Once Sam got the hang of it, it got easier to tell the three girls apart. Abigail, the oldest by several minutes, was the least physically active of the three, so her face was just a smidgeon fatter than the other two. When they were having their periods and retaining water, the difference faded. Bonny, the middle one, had a very faint freckle below her right eye. And Cindy, the youngest, had her acne scar. Cindy also had more of a runner's body with slightly smaller breasts and well-developed calf muscles. And a small mole on her lower back above her right butt cheek as well as another freckle to the left of her belly button. He had not been able to do a similarly detailed examination of Abby's or Bonny's naked or near-naked bodies. He had seen them a couple of times in bikinis by the family pool—matching, of course—but circumstances did not permit the time necessary to do the required careful analysis. Not without getting slapped.

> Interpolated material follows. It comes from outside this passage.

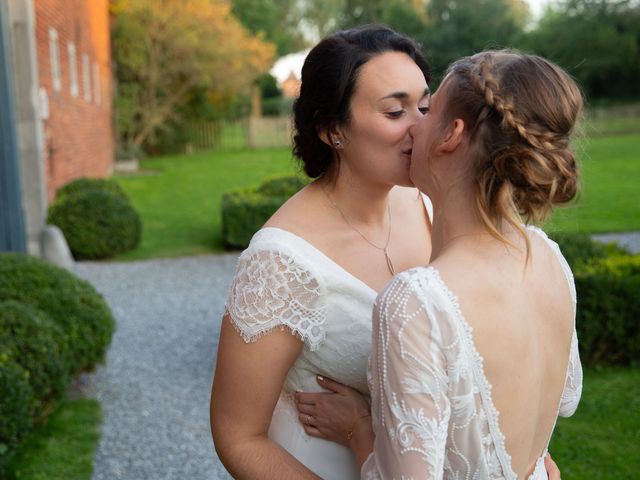 Le mariage de Manon et Fiona à Bruxelles, Bruxelles - Capitale 86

But they seemed to think that they all looked exactly the same. At least they played it that way. Maybe they assumed everyone else was too stupid to figure it out. Maybe the people they usually met actually were too stupid to figure it out. Of course, they were pretty blondes with nice breasts, so giggling and jiggling overrode a lot of male intellectual firepower and probably stopped any further inquiries.
So, when Abby was pretending to be Cindy on a dinner date with Sam once, and she asked him why he was studying her face so carefully, he did not say that he had immediately noticed that the acne scar was missing as soon as they got into bright enough light. He also did not say that he could see that the skin around her eyes was slightly puffy. Instead, he told her it was because she was so beautiful that he could not help but be drawn in completely by every inch of her face into the deep pools of her blue eyes. She bought that and blushed nearly purple, which was something that Cindy never did either, and something else that he did not point out to Abby.
And when Bonny took her turn to pretend to be Cindy and asked Sam at lunch one day why he was gazing at her hands so intently, he did not tell her it was because he had already seen the Bonny freckle below her eye and was now taking the opportunity to do some amateur palmistry to compare the major and minor lines on her hands to those of Cindy's hands so he would have some other points of reference for future use. Turned out that she had an extra line going on a slant to the left index finger that the others did not, so the exercise was worth it. Instead, he told her that his love for her was so strong that he could not bear to look into her eyes because he was afraid that he would cry and she would think he was a wimp. She was the one who started crying instead—one of the other points he noted because neither Abby nor Cindy was so weepy—and tried to kiss him deeply, although he turned away from the kiss to hold her tightly and whisper into her ears that everything would be okay.